A big thanks to all for attending our event with over 100 people! We appreciate your support of GHC and the rich history of Gill that we enjoy researching and sharing with you. Stay tuned for more upcoming events.
"The Deep History of Gill" - presented Saturday, April 29 from 1-3pm at the Gill Elementary School
We welcomed Greenfield Community College's well-known retired Geology professor Richard D. Little to explore the Jurassic armored mud balls that have been around for 200 million years. These armored mud balls are one of geology’s rarest sedimentary structures and are prevalent in Gill and the surrounding area. Little has been educating people on these rare structures found locally in Franklin County since the 1970’s. But the semi-retired geology professor can’t help wondering what will happen to them after he is gone?
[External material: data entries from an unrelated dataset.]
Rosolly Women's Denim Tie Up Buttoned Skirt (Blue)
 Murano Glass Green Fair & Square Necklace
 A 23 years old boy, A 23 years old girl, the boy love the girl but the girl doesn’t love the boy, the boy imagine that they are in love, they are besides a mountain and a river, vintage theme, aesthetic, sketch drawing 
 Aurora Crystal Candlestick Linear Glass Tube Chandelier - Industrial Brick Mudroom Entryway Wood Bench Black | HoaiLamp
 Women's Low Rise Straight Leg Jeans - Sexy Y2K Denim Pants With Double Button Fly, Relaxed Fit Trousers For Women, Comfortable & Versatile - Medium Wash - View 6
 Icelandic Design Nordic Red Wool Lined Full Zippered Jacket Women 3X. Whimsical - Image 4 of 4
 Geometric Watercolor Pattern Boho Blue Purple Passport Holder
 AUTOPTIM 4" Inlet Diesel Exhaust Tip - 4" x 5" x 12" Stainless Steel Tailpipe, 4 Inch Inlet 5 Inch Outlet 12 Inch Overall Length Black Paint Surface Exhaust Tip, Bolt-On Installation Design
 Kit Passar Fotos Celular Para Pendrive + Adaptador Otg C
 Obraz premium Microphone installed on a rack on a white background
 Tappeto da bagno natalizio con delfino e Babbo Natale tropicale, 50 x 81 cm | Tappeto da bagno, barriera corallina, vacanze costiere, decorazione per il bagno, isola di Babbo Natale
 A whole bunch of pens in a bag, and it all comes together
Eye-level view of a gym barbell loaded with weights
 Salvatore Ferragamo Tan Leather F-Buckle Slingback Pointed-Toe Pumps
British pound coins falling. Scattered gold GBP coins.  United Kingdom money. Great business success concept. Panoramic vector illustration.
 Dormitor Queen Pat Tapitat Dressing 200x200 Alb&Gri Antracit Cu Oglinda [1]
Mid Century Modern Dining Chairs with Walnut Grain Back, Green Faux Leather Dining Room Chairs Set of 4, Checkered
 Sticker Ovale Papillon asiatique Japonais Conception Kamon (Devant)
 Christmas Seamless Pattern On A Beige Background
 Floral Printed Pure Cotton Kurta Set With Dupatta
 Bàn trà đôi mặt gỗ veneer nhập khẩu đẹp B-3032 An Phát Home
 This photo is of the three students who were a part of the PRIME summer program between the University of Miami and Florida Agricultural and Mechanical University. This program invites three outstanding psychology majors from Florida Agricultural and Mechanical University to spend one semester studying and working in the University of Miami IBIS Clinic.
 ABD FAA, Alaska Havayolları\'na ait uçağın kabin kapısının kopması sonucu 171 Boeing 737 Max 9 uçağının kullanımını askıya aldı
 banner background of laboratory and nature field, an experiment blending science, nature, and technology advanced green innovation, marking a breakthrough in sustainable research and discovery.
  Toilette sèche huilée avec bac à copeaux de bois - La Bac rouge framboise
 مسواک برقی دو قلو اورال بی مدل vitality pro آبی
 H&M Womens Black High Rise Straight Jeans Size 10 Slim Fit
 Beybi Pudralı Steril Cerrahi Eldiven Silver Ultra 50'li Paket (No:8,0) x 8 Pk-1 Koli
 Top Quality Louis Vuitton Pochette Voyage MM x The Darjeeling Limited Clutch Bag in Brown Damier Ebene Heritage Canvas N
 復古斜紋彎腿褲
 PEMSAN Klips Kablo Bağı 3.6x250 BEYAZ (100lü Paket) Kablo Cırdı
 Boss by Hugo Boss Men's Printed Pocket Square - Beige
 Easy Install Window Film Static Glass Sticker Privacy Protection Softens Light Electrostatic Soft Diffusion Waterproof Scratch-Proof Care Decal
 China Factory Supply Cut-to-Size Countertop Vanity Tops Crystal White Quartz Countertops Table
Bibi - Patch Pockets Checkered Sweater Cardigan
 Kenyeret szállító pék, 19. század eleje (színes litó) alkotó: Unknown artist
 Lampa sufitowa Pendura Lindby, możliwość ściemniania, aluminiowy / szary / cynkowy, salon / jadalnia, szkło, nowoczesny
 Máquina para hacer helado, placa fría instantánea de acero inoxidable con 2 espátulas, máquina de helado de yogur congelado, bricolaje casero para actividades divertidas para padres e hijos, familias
According to Prof. Little, “the amusingly named armored mud balls are indeed an official geological phenomenon. They are formed by streams or beach waves rolling sticky mud into ball shapes becoming coated by pebbles. That is the armor. To be preserved in the geological rock record they must be quickly buried before drying and disintegrating. The fragile armored mud balls can then be gradually lithified (compacted and cemented) along with the surrounding sedimentary rock. This special series of events makes lithified armored mud balls extremely rare.”
Only found in 10 Locations Worldwide.
Prof. Little was “the discoverer of these features in Turners Falls in the early 1970s and wrote a paper published in the Journal of Geology about them (1982). Geological literature records only about 10 places in the world with lithified armored mud balls. [Most] all are in remote locations and probably [few] are visible today.”
According to New England Historical Society, “they have also been found in other places, including the base of the clay cliffs at Aquinnah on Martha’s Vineyard. Other U.S. locations include Washington, Montana, Wyoming and Indiana. And outside of the U.S., people have found them in Greenland; Spitzbergen Ecuador, Trinidad, France and Yorkshire, England.”
“But to date, people can only see them easily in Franklin County, MA. That’s where Richard Little first laid eyes on them. He noticed them in an old abutment to a bridge that used to connect Gill and Turners Falls, a village in Montague. The stone blocks used in the abutment had been quarried nearby.”
Prof. Little explains, “The dramatic Franklin County specimens are found in local quarried stone plus in accessible rock outcrops, such as at Greenfield’s Stop and Shop Supermarket parking lot and a Turners Falls Park. A church in Greenfield center has an armored mud ball in the quarried stone above the entrance. The most impressive examples are preserved and displayed in the Greenfield Community College Geology Path. These excellent specimens show well-formed balls from golf ball to basketball size all with obvious pebble armor.”